Вот какова была судьба “детей Арбата”, детей Столешникова, детей из “Дома на набережной”.
Но не будем злословить. “Что нам считаться? — судьба виновата, // не за что, а воздаётся сполна”, как сказано у одного поэта.
Глава девятая
“РУССКИЕ РУССКИХ НЕ ЛЮБЯТ…”
“К предательству таинственная страсть…” никогда не покидала наших “невозвращенцев” и “возвращенцев”, наших “дезертиров” и наших “перебежчиков” из пятой колонны, которые, переселившись на какой-нибудь Брайтонбич, придумывали всякие причины, их оправдывающие, и начинали новую жизнь в новой общине. Эту жизнь подробно изобразил один из поэтов питерской “четвёрки” Анатолий Найман в книге “Роман с самоваром”, повествующей о быте и нравах советско-американской и русско-еврейской тусовки в ресторане под названием “Русский самовар”, созданном деньгами и усилиями трёх “шестидесятников” — Романа Каплана, Иосифа Бродского и Михаила Барышникова.

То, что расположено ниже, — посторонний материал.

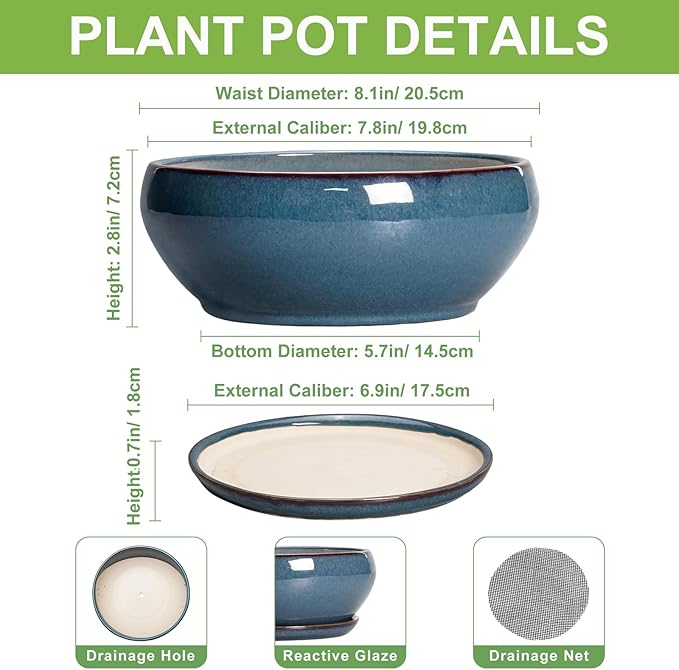 SQOWL Bonsai Pots - 8 Inch Ceramic Succulent Pots with Drainage Hole and Saucer, Round Shallow Planter for Indoor Outdoor Plants Flowers, Ceramic Planter Bowl, Room Decor, Gardening Gifts, Blue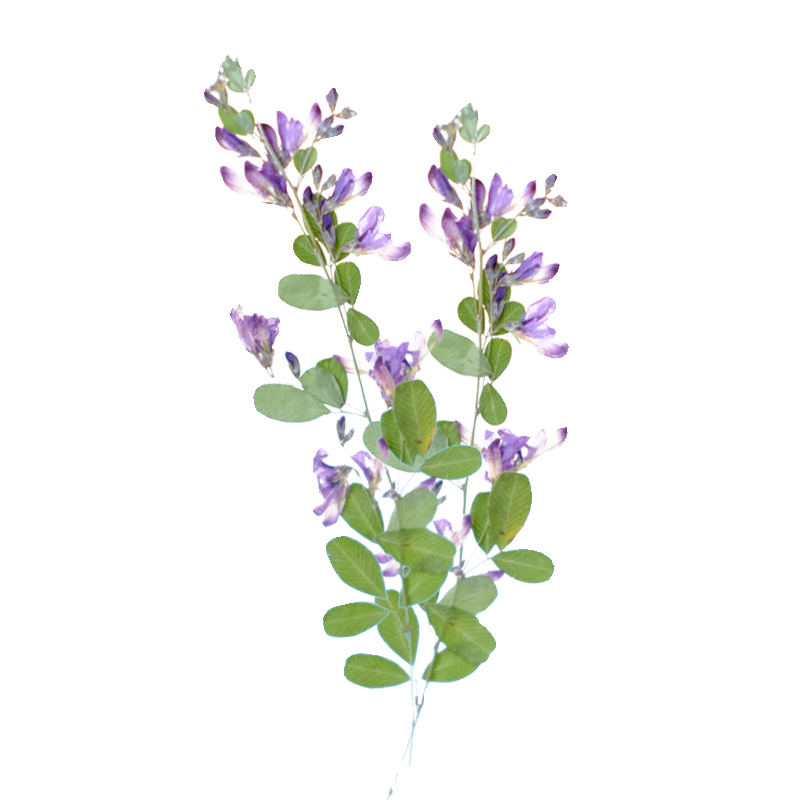 6 Buah, Bunga Kering Lespedeza - Resin Art Bookmark ulasan dan harga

Ресторан изображён как некая Мекка для изголодавшихся по свободе единоверцев, которые приезжают в Америку посмотреть, как устроились на новом месте первопроходцы и стоит ли рискнуть и навсегда покинуть оставшуюся в другом полушарии Земли “Рашку”.
“Эмиграция, — пишет Найман, — была, казалось, сокрушительной. Самые энергичные, самые яркие, самые живые, самые талантливые уезжали”. Среди них был и Юзик Алешковский, вроде свой в доску парень, с которым я попрощался в Центральном доме литераторов после того, как мы выпили на прощанье и, как водится, заспорили. “Оставайся на своей территории!” — надменно произнёс он, оттопыривая нижнюю губу. Вскоре я ответил ему стихотвореньем, продолжившим наш спор:
Написал и подумал: “А не слишком ли я жесток?” “Оборотень” вскоре исчез из Москвы, чтобы очутиться в “Русском самоваре”, завсегдатаи которого утешали себя, равняясь на классиков прошедших времён: “В масть пришло и было подхвачено словцо первой послереволюционной эмиграции: мы не в изгнании, мы в послании”… Ишь, чего захотели — славы первой эмиграции, из-под пера которой рождались великие книги: “Жизнь Арсеньева” Ивана Бунина, “Солнце мёртвых” Ивана Шмелёва, “Вёрсты” Марины Цветаевой, “Европейская ночь” Владислава Ходасевича, “Жизнь Клима Самгина” Максима Горького, “Что нам в них не нравится” Василия Шульгина… А что вышло из-под пера “небожителей” “Русского самовара”? Разве что порнографические повестушки Юзика Алешковского — “Моцарта русской прозы”, как ехидно его называл то ли Найман, то ли Бродский. Правда, в текстах Наймана из “Русского самовара” есть несколько признаний, заслуживающих внимания: “Русские русских не любят за границей не только потому, что по русской своей природе каждый каждому антагонист, и если на родине всё-таки приходится быть заодно, поскольку, во-первых, общежитие и, во-вторых, удобнее выживать, то тут — отвали, хочу пожить без тебя, козла. А ещё и потому, что не порти ты мне чужбину, куда я приехал отвязаться от того, к чему меня жизнь привязала, и, прежде всего, оторваться от родины <…> мы хотим не знать”. “Быть везде и нигде, жить на земле, которая ничья и каждого…”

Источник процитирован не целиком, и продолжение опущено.